I must go to Leipzig in a week or so; [8] what will I find out during this visit? After the book fair, I think I will be able to transfer money to you through Wilhelm to pay our debt with Bütow. [9]

Might it not be possible, my dear Schleiermacher, for you to send me my tea machine through someone traveling to Leipzig? My Wedgwood tea service, of course, must still be there, and white cups, a large tea platter, and handsome glasses. [10] Did Madam Bernhardi keep these pieces? So, we still have demands to make on her; if they are there, and are not being sold, then I would very much like to see these worthy persons again. If only you could find an occasion to send them on to me! . . .
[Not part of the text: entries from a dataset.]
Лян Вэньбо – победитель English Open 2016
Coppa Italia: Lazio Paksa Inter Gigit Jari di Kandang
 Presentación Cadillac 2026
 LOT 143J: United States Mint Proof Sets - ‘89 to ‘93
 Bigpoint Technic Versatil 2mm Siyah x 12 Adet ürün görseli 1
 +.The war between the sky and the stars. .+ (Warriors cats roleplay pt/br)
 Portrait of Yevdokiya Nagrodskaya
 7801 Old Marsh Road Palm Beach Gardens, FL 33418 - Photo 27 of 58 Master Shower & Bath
Karoline is expected to arrive any day now. [11] We will be watching quite objectively to see how she behaves when she arrives. Any courtesy on her part will be requited with similar, and the same in the larger sense! As paradoxical as it may or may not seem, I for my part consider Caroline to be extraordinarily obtuse, and it is there that I see the basis of all curiosa. [12] Wilhelm’s blindness in this respect remains absolutely incomprehensible to me, for she possesses not even the slightest spark of objective sensibility for him. Everything, absolutely everything! about her is mere ostentation and superficiality.

So you see, my dear friend, how very much I, thank God, am utterly over this person. Hence you have no need to worry about me in that regard. She will do nothing more to me! Nor are we anxious about Friedrich, since there, too, she has lost her dominion. Since she was only able to hurt and vex us when we found her interesting, such is no longer to be feared.
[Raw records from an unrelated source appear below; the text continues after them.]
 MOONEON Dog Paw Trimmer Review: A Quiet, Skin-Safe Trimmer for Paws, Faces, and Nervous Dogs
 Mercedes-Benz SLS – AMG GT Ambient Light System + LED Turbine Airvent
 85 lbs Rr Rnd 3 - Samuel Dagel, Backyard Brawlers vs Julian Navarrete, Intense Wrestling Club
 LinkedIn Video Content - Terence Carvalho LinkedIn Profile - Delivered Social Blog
The story with Dalton and Madam Meyer is truly puzzling to me now that I know he is still looking for finances to make things right with her. [13] Why do you think my letter to Jette was so polemical? I really was in that disposition when I wrote. I was admittedly and indeed still am of a quite polemical mind against Dalton, nor did I make any effort to conceal that in my response to him. For the rest, however, I do indeed believe it would not be right to offer advice here.

She, since things have already gotten this far, cannot avoid considering it her greatest misfortune having to countenance never belonging to him. For a woman who was for so long so cold and reserved, that is no joke, even though this feeling of affection after surrender cannot by a long shot be called love. But how can one make this clear to her in a cold, objective fashion? Given her feeling of inner necessity, will she not have contempt for any such advice and immediately reject it?
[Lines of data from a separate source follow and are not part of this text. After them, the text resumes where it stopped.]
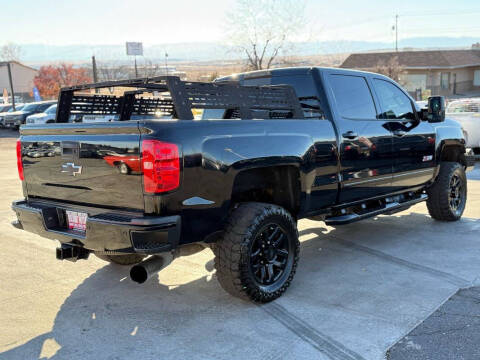 2018 Chevrolet Silverado 2500HD
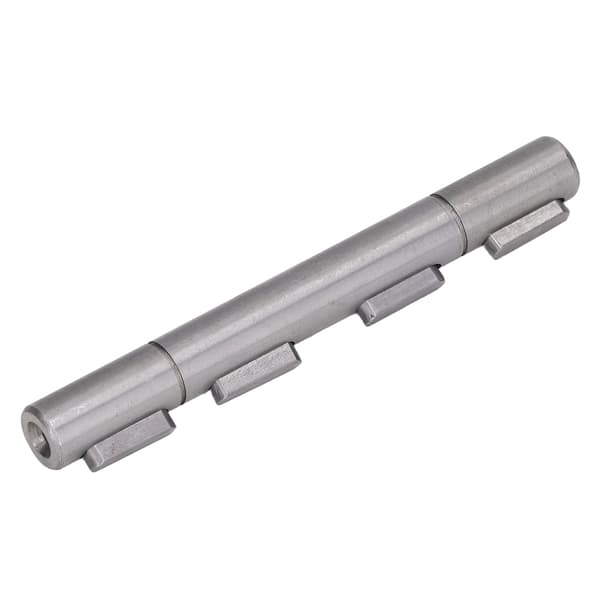 Dobbelt Udgangsaksel Snekkegear 14mm Diameter 128mm Længde Højkapacitets Step Motor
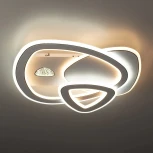 Потолочная люстра светодиодная с пультом Citilux Costa CL741012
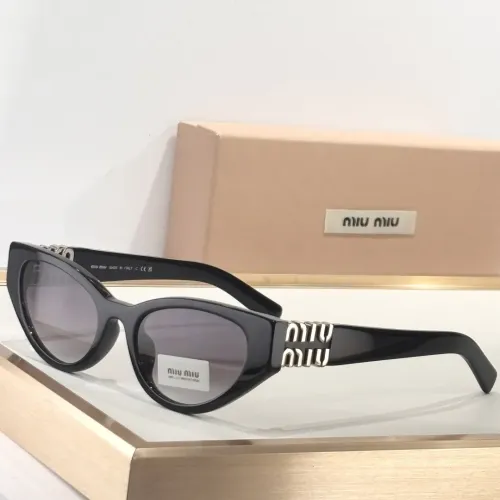 Wholesale MIU MIU AAA Quality Sunglasses #1415642 $64.00 USD, Wholesale Quality Replica MIU MIU AAA Sunglasses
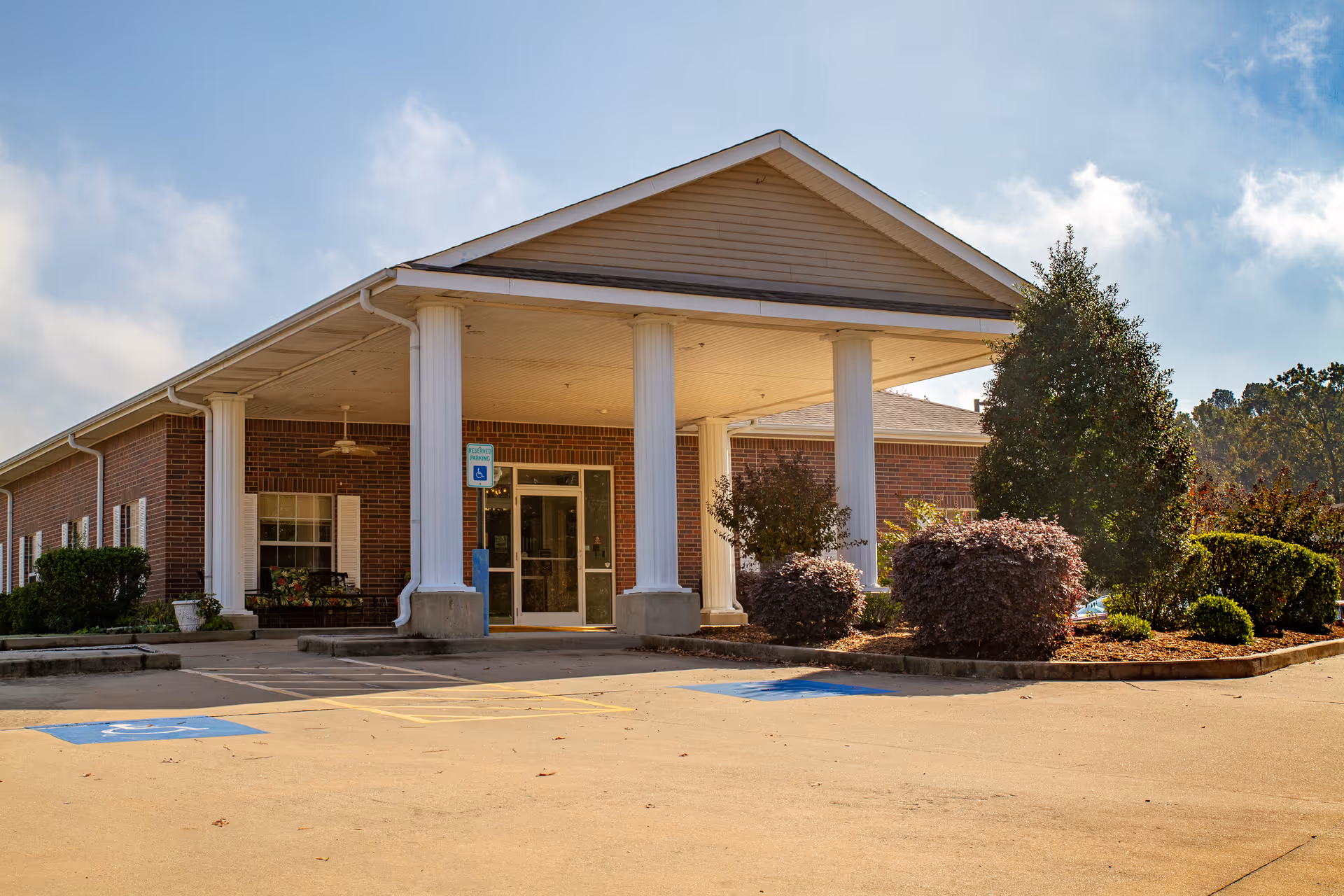 Photo of The Blossoms at White Hall Rehab & Nursing Center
And what will one gain in the process apart from her mistrust? She can never become more unhappy than if one were now to rob her of the hope of someday settling down her — for her so uncharacteristically vehement — feelings. And without the union or at least the prospect of union with her, let us say “disturber of her peace,” she will never find such. The effected postponement is, by the way, good, perhaps everything in this calm sea will now right itself on its own accord.

For the first time, I am very, very dissatisfied with Dalton. He cannot love her, so what was the point of this whole thing? He should never have allowed himself such false behavior here at the end of his career as an adventurer. [14] He is already sufficiently tested so as not simply to give in to the initial, best impression. And if he thought he ought to do something finally to settle down, he was certainly on the mark, but the means were very ill indeed, and for the time being the only thing he has accomplished is to disturb her peace of mind. Enfin, [15] in reality it is a quite stupid trick!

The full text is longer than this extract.